__ACTION ITEM__: Copying rule for the data below: pictures stay out, and only the lines from the one with "Based on the" down to the one with "After listing my", inclusive, are repeated exactly.

__SUPPLIED RECORDS__:
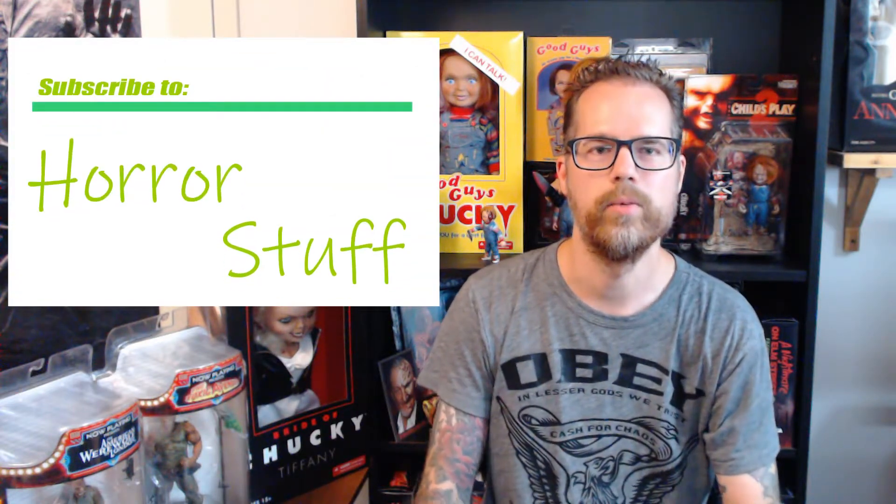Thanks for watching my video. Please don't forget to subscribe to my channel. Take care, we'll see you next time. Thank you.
---
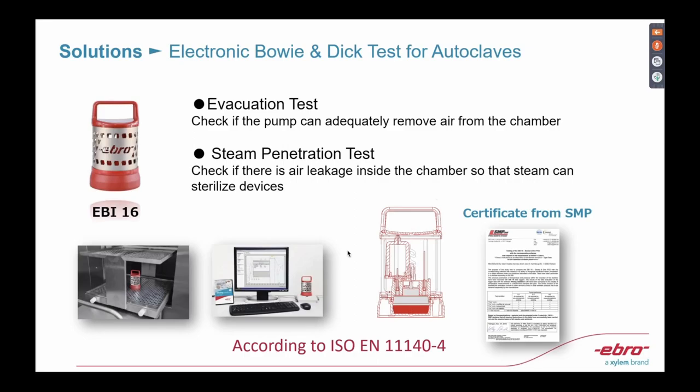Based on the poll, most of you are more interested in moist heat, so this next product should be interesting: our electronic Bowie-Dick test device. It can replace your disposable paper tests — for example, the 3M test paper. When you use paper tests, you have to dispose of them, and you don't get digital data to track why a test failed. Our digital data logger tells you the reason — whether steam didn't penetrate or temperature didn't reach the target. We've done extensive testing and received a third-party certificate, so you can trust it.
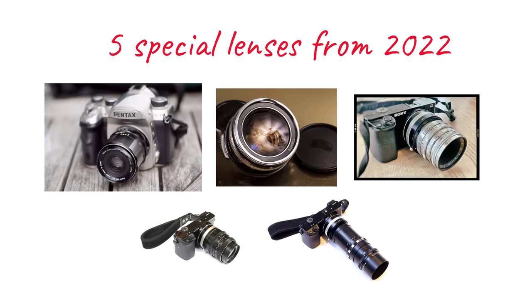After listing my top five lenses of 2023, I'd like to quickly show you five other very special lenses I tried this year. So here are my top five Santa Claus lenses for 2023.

__YOUR SOLUTION__:
Based on the poll, most of you are more interested in moist heat, so this next product should be interesting: our electronic Bowie-Dick test device. It can replace your disposable paper tests — for example, the 3M test paper. When you use paper tests, you have to dispose of them, and you don't get digital data to track why a test failed. Our digital data logger tells you the reason — whether steam didn't penetrate or temperature didn't reach the target. We've done extensive testing and received a third-party certificate, so you can trust it.
After listing my top five lenses of 2023, I'd like to quickly show you five other very special lenses I tried this year. So here are my top five Santa Claus lenses for 2023.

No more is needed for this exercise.